BEGIN

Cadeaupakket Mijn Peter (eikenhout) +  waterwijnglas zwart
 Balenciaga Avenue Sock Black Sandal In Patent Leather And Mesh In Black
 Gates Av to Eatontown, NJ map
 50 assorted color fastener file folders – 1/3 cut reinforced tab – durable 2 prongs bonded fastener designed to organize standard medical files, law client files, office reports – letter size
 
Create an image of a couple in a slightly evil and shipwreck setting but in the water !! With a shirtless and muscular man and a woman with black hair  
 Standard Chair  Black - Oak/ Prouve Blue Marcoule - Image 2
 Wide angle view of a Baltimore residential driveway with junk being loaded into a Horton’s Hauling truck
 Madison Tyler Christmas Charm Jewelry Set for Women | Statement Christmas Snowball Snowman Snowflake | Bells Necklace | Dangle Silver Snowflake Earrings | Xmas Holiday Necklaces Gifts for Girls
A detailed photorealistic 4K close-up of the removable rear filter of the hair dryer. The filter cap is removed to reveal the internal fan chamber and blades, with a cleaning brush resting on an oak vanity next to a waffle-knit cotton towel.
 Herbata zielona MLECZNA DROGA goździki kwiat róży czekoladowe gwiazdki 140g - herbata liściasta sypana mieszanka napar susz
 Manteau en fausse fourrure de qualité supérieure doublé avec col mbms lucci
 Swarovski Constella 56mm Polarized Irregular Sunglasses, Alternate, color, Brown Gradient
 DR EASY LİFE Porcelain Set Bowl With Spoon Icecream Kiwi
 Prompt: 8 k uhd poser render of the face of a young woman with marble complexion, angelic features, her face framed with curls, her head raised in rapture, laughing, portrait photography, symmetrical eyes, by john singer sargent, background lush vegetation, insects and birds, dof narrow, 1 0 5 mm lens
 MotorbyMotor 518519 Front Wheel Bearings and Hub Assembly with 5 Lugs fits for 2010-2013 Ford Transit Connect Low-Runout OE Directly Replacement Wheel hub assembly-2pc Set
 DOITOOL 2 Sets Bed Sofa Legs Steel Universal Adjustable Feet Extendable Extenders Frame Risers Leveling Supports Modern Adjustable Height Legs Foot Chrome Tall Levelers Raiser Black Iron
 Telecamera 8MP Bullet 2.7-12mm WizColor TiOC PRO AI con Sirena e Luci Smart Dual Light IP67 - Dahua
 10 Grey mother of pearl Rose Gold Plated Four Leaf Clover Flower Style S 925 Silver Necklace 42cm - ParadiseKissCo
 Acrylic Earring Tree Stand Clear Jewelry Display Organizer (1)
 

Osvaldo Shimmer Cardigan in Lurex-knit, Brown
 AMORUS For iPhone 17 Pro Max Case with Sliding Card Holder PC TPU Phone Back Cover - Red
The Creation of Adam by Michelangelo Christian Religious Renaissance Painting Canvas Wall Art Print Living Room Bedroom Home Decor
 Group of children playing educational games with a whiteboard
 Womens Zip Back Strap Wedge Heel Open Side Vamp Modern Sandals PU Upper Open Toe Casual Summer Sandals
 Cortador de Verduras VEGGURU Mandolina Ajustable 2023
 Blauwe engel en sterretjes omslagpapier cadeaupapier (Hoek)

END

*EXERCISE REQUIREMENTS*: A faithful transcription of all the material is what this exercise calls for.

*FINAL ANSWER*:
Cadeaupakket Mijn Peter (eikenhout) +  waterwijnglas zwart
 Balenciaga Avenue Sock Black Sandal In Patent Leather And Mesh In Black
 Gates Av to Eatontown, NJ map
 50 assorted color fastener file folders – 1/3 cut reinforced tab – durable 2 prongs bonded fastener designed to organize standard medical files, law client files, office reports – letter size
 
Create an image of a couple in a slightly evil and shipwreck setting but in the water !! With a shirtless and muscular man and a woman with black hair  
 Standard Chair  Black - Oak/ Prouve Blue Marcoule - Image 2
 Wide angle view of a Baltimore residential driveway with junk being loaded into a Horton’s Hauling truck
 Madison Tyler Christmas Charm Jewelry Set for Women | Statement Christmas Snowball Snowman Snowflake | Bells Necklace | Dangle Silver Snowflake Earrings | Xmas Holiday Necklaces Gifts for Girls
A detailed photorealistic 4K close-up of the removable rear filter of the hair dryer. The filter cap is removed to reveal the internal fan chamber and blades, with a cleaning brush resting on an oak vanity next to a waffle-knit cotton towel.
 Herbata zielona MLECZNA DROGA goździki kwiat róży czekoladowe gwiazdki 140g - herbata liściasta sypana mieszanka napar susz
 Manteau en fausse fourrure de qualité supérieure doublé avec col mbms lucci
 Swarovski Constella 56mm Polarized Irregular Sunglasses, Alternate, color, Brown Gradient
 DR EASY LİFE Porcelain Set Bowl With Spoon Icecream Kiwi
 Prompt: 8 k uhd poser render of the face of a young woman with marble complexion, angelic features, her face framed with curls, her head raised in rapture, laughing, portrait photography, symmetrical eyes, by john singer sargent, background lush vegetation, insects and birds, dof narrow, 1 0 5 mm lens
 MotorbyMotor 518519 Front Wheel Bearings and Hub Assembly with 5 Lugs fits for 2010-2013 Ford Transit Connect Low-Runout OE Directly Replacement Wheel hub assembly-2pc Set
 DOITOOL 2 Sets Bed Sofa Legs Steel Universal Adjustable Feet Extendable Extenders Frame Risers Leveling Supports Modern Adjustable Height Legs Foot Chrome Tall Levelers Raiser Black Iron
 Telecamera 8MP Bullet 2.7-12mm WizColor TiOC PRO AI con Sirena e Luci Smart Dual Light IP67 - Dahua
 10 Grey mother of pearl Rose Gold Plated Four Leaf Clover Flower Style S 925 Silver Necklace 42cm - ParadiseKissCo
 Acrylic Earring Tree Stand Clear Jewelry Display Organizer (1)
 

Osvaldo Shimmer Cardigan in Lurex-knit, Brown
 AMORUS For iPhone 17 Pro Max Case with Sliding Card Holder PC TPU Phone Back Cover - Red
The Creation of Adam by Michelangelo Christian Religious Renaissance Painting Canvas Wall Art Print Living Room Bedroom Home Decor
 Group of children playing educational games with a whiteboard
 Womens Zip Back Strap Wedge Heel Open Side Vamp Modern Sandals PU Upper Open Toe Casual Summer Sandals
 Cortador de Verduras VEGGURU Mandolina Ajustable 2023
 Blauwe engel en sterretjes omslagpapier cadeaupapier (Hoek)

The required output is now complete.